Problem:
When you reach the line in the listing below that contains "Florenza Signed Hand", begin returning lines exactly as written, and stop after the line that contains "Черная ребристая майка GREG ROSS". Return no other lines.

Supplied records:
◇ ◇ ◇ ◇ ◇ ◇ ◇

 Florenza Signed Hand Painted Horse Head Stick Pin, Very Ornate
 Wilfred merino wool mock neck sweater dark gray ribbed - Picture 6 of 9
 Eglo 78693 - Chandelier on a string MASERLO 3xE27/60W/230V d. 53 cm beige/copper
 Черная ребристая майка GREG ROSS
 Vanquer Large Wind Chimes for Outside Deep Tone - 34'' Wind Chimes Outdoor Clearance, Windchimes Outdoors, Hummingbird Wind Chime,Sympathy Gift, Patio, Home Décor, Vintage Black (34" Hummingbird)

◇ ◇ ◇ ◇ ◇ ◇ ◇

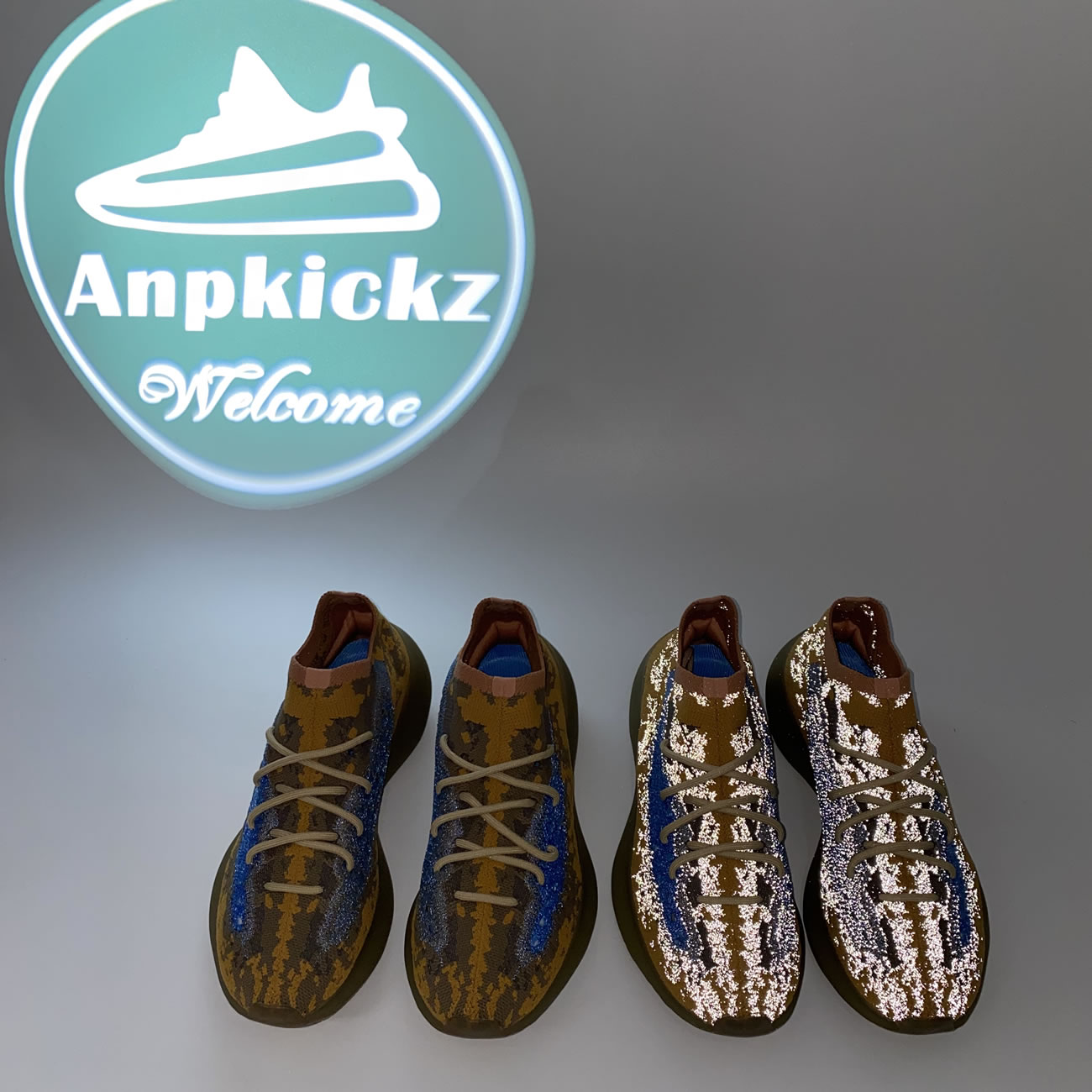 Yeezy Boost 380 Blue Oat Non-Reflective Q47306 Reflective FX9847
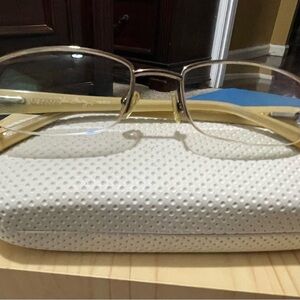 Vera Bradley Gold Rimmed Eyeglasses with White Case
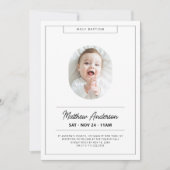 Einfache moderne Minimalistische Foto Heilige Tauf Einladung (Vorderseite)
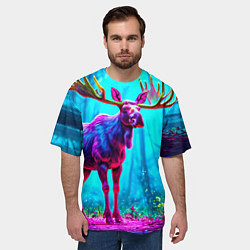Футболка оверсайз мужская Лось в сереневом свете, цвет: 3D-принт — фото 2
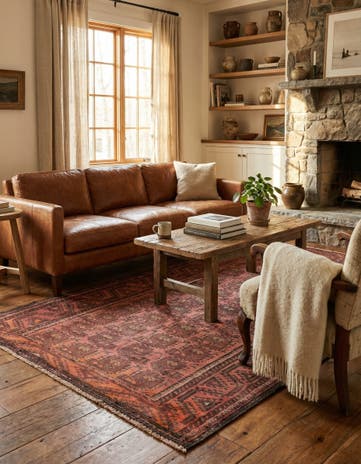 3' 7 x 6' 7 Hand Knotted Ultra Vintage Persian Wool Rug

◇ ◇ ◇ ◇ ◇ ◇ ◇

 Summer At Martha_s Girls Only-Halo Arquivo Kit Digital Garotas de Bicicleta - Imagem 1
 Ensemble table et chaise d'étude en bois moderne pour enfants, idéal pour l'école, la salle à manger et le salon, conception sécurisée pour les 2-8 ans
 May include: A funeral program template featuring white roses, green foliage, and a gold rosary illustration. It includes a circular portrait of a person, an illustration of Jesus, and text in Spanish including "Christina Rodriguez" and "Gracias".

◇ ◇ ◇ ◇ ◇ ◇ ◇

The answer:
 Florenza Signed Hand Painted Horse Head Stick Pin, Very Ornate
 Wilfred merino wool mock neck sweater dark gray ribbed - Picture 6 of 9
 Eglo 78693 - Chandelier on a string MASERLO 3xE27/60W/230V d. 53 cm beige/copper
 Черная ребристая майка GREG ROSS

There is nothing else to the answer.